6. Moving Existing Devices to Entra Join
If managing devices with both Group Policy and Intune is proving challenging, you may want to consider moving existing devices from Entra Hybrid Join to Entra Join. This involves disconnecting devices from the local Active Directory and joining them to Entra ID. During this process, users will receive a new user profile. However, to mitigate disruptions and preserve continuity, you can use tools like ProfWiz to adjust the user profile, migrating their old local profile to the new Entra ID profile. This ensures that users maintain access to their familiar settings, files, and configurations, minimizing the impact of the transition.
7. Migrating Group Policies to Intune
A key part of transitioning from hybrid join to Entra Join is managing group policies. Migrating from traditional Group Policies to Intune-based policies is essential for maintaining consistent configurations while embracing a cloud-first management approach.

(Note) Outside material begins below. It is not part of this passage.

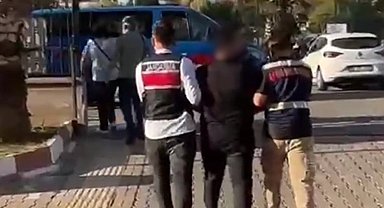 Aydın'da bir otomobilde yapılan aramada el bombası ele geçirildi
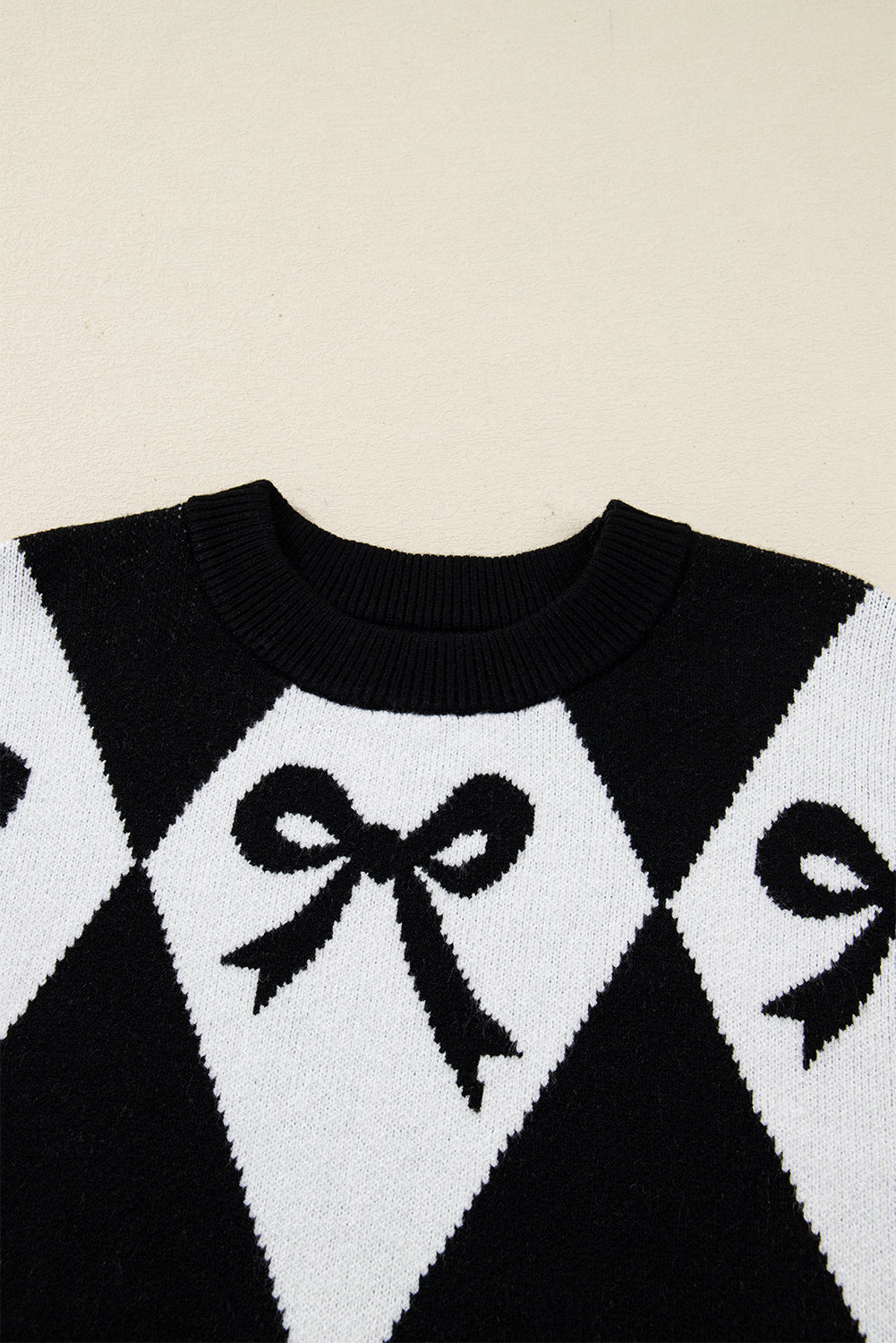 Black Bow Print 2-tone Rhombus Knit Loose Sweater eAura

- Security Policies: Rather than migrating legacy security policies, it’s best to adopt Microsoft Security Baselines in Intune. These pre-configured templates are built around best practices for modern security management and ensure that devices comply with today’s standards.
- Configuration Settings: Any configuration settings in Group Policy should be migrated to Intune Configuration Profiles. These profiles replicate the functionality of Group Policy in a cloud-native environment, allowing for centralized and scalable device management.
- Scripts for Unsupported Settings: If certain settings are not yet supported in Intune, PowerShell or custom scripts can be deployed to enforce those configurations. Intune allows for the addition of scripts to fill gaps until full support is available.
- Policy Analysis with Group Policy Analytics: Before migrating, use tools like Group Policy Analytics in Intune to import and analyze existing GPOs. This will help you determine which policies can be recreated in Intune and which may no longer be relevant, enabling a more streamlined and efficient transition.
Conclusion
Migrating devices from Entra Hybrid Join to Entra Join, starting with new configurations, is the best path for a modern, cloud-first organization. This approach streamlines management through Intune, ensures scalability, and simplifies device deployment and refresh processes. By migrating configuration settings to Intune profiles and adopting security baselines, organizations can phase out legacy infrastructure while maintaining robust security and operational consistency across their device fleet. With Microsoft's updated recommendations and a Zero Trust security foundation, moving forward with Entra Join is the optimal strategy for a more secure and manageable future.
Transitioning away from hybrid join addresses common issues such as password rotations, policy updates, and connectivity-dependent security measures, ensuring your devices are fully equipped to operate in a cloud-first, modern management environment.